An Analysis of the Spatial Development of European Cities Based on Their Geometry and the CORINE Land Cover (CLC) Database

Int. J. Environ. Res. Public Health 2023, 20(3), 2049; https://doi.org/10.3390/ijerph20032049
by Szymon Czyża 1,*, Karol Szuniewicz 1, Iwona Cieślak 2, Andrzej Biłozor 2 and Tomasz Bajerowski 1
Reviewer 1:
Reviewer 2:
Int. J. Environ. Res. Public Health 2023, 20(3), 2049; https://doi.org/10.3390/ijerph20032049
Submission received: 18 December 2022 / Revised: 13 January 2023 / Accepted: 18 January 2023 / Published: 22 January 2023
(This article belongs to the Special Issue Land Management for Territorial Spatial Planning)

Round 1

Reviewer 1 Report

The article "An analysis of the spatial development of European cities based on their geometry and the CORINE Land Cover (CLC) database" proposes to use the fractal dimension of the land area of 58 cities over 4 years to evaluate the type of growth of each of them.

After describing the indicators used and the data sets on which the study is based, the authors present the way in which the indicators are calculated, and then propose to classify the urban areas into 8 groups, corresponding to the gradients of the three chosen indicators (area, perimeter and fractal dimension).

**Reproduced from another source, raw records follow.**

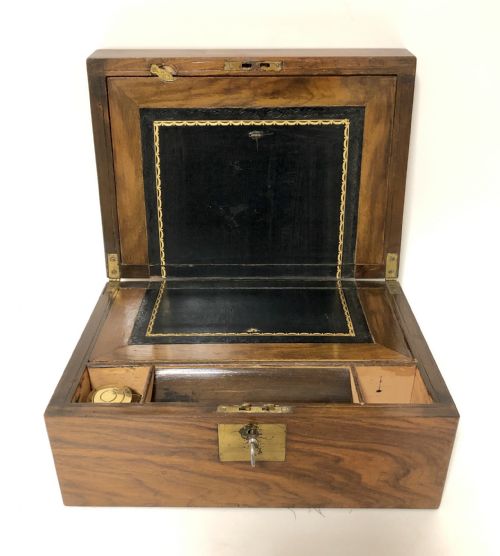 Victorian Walnut Writing Slope Box with Key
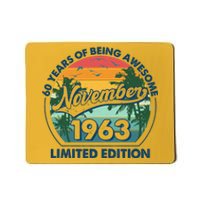 Vintage Retro 60 Years Of Being Awesome November 1963 Birthday Mousepad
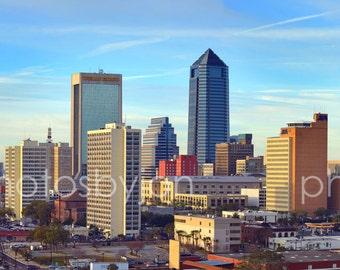 CANVAS Jacksonville Skyline Morning JAX Panoramic Photo Print Cityscape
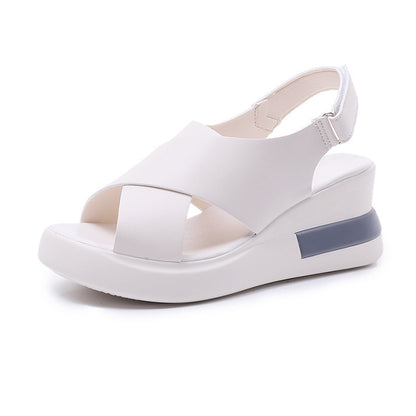 Damen Riemchen-Sandaletten mit hochwertigem Leder und bequemer Wedge-Sohle Stalluxe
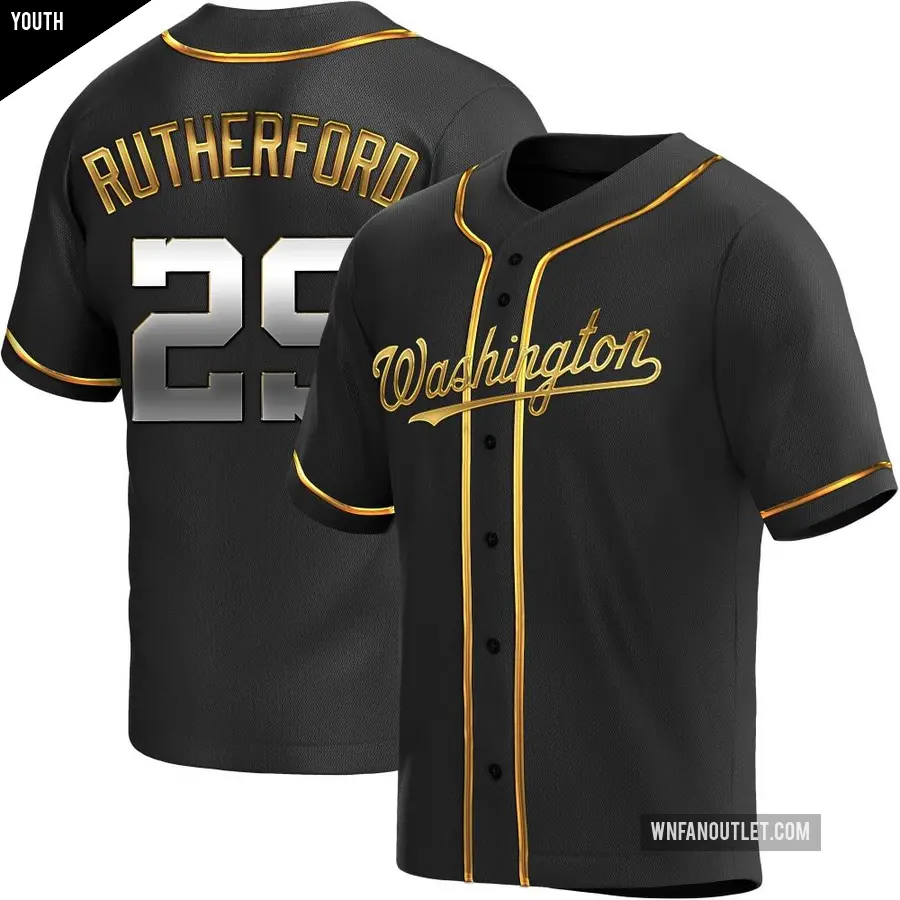 Youth Washington Nationals ＃29 Blake Rutherford Replica Gold Black en Alternate Jersey
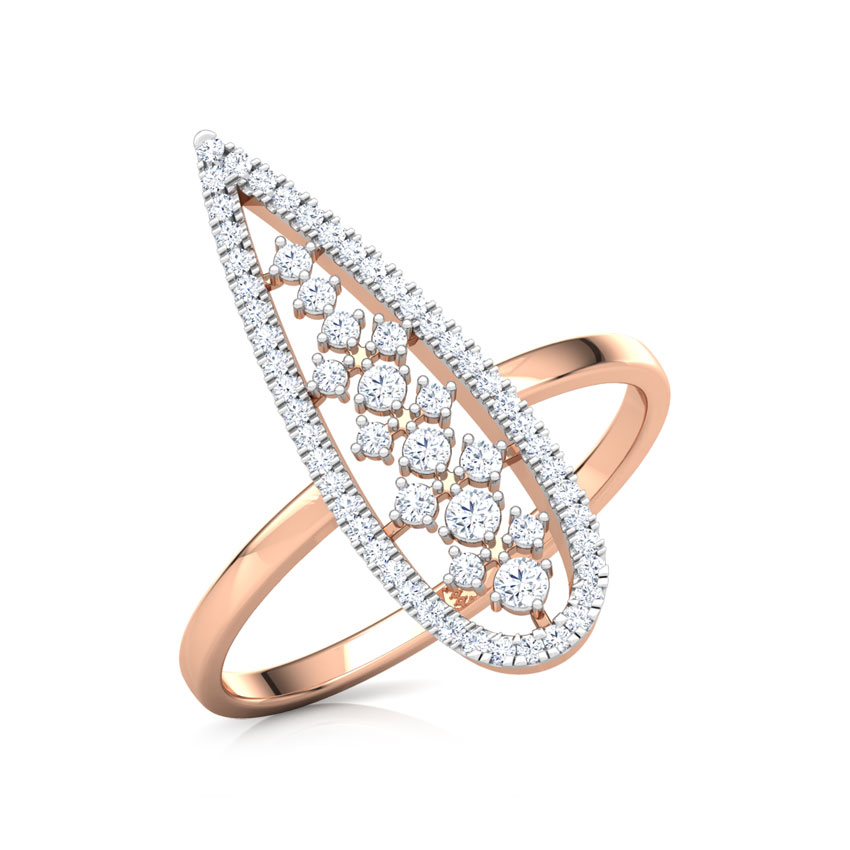 Diamond Rings 18 Karat Rose Gold Pear Lattice Diamond Ring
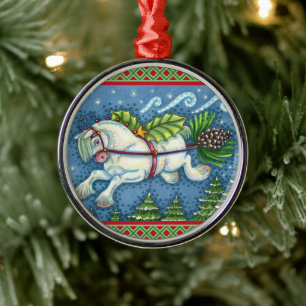 CUTE FLYING CHRISTMAS PONY PULLING PINECONE SLEIGH METAL ORNAMENT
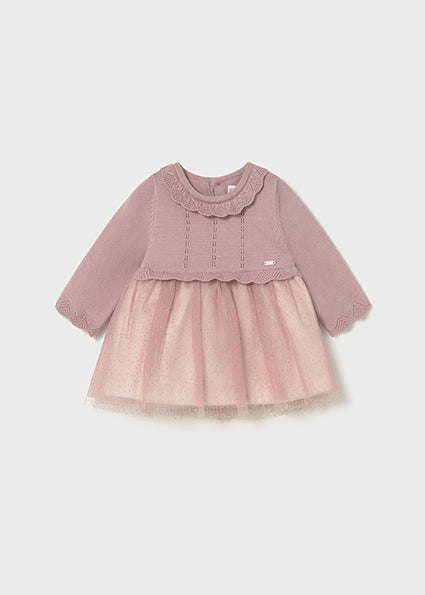 Mauve Sparkle Knit Tulle Dress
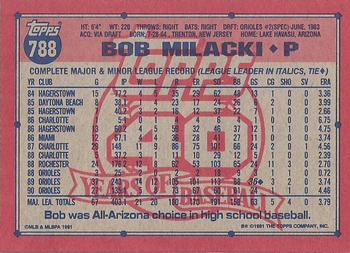 Bob Milacki  baseball card collectible - Main Image 2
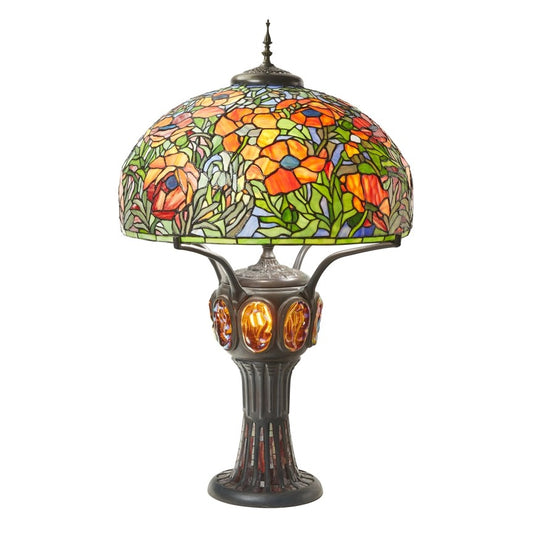 36"H Pink Poppies Tiffany-Style Stained Glass Table Lamp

The authors then present the results of their calculations for each city in the study in table and map form. They then discuss a few aspects, in order to illustrate the interest of the fractal dimension to better measure the extension of cities.

Some remarks on the form:
- The city of Nantes is missing in figure 1 (whose legend is on the next page)
- the use of colors to help visualize the classification is proposed from table 3. They could be used from table 1 to facilitate the reading
- the black and white printing makes it difficult to read this color gradient, the dark colors (green and red) being confused. This may be difficult to correct.
- I did not understand why more cities could not be selected, as it seems that the CLC data are larger

On the scientific content, I find the presentation of the measure, its calculation, and the discussions on its interest motivating. However, I would have liked to see more of what this tool allows. One could for example propose to compare the clustering (k-means type) of cities according to typical properties of its extension (area, number of inhabitants), then adding the perimeter and the fractal dimension, then discussing the differences in classification in order to illustrate the relevance of introducing this measure.
I find that the analysis lacks a step back to fully understand the interest of this measure.

Author Response

Response to Reviewer 1 Comments

 

First of all, we would like to thank you very much for the comments. We are convinced that your suggestions have significantly contributed to an improvement in our article. We do hope that we have succeeded in considering them in a satisfactory manner. Below are answers to specific comments.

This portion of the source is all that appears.